In order to overcome these behavioural biases in crop insurance, the insurance premium must be reframed or redesignated. In this regard, rebate frame insurance has had much success in various developing countries. In the context of India, Lampe and Würtenberger observed that farmer education is a panacea for overcoming loss aversion.

Further, ambiguity aversion in crop insurance has not received much attention in India. Evidence from studies conducted in developing countries shows that ambiguity aversion is a potential cause of poor crop insurance adoption, which can be eliminated by lowering the basis risk and adjusting the weather index. Cognitive biases like an overconfidence bias and availability bias in crop insurance are hardly studied in India, but these factors have a potential impact on crop insurance adoption. Providing financial literacy to farmers could reduce an overconfidence bias and availability bias in crop insurance adoption.

Finally, trust in the insurance market is critical; building trust among farmers by issuing timely insurance payouts and selling insurance through a local agent raises the possibility of crop insurance adoption.

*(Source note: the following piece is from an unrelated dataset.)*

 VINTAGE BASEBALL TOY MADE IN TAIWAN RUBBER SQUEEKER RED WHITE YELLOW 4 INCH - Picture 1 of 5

In the Indian context, the trust factor plays a vital role; selling insurance through a trusted agent raises the demand for crop insurance. In the end, we suggest that the effect of behavioural biases on crop insurance adoption should be thoroughly investigated in India to provide tangible evidence. Policymakers should be cautious about behavioural biases while developing and implementing crop insurance programmes in India.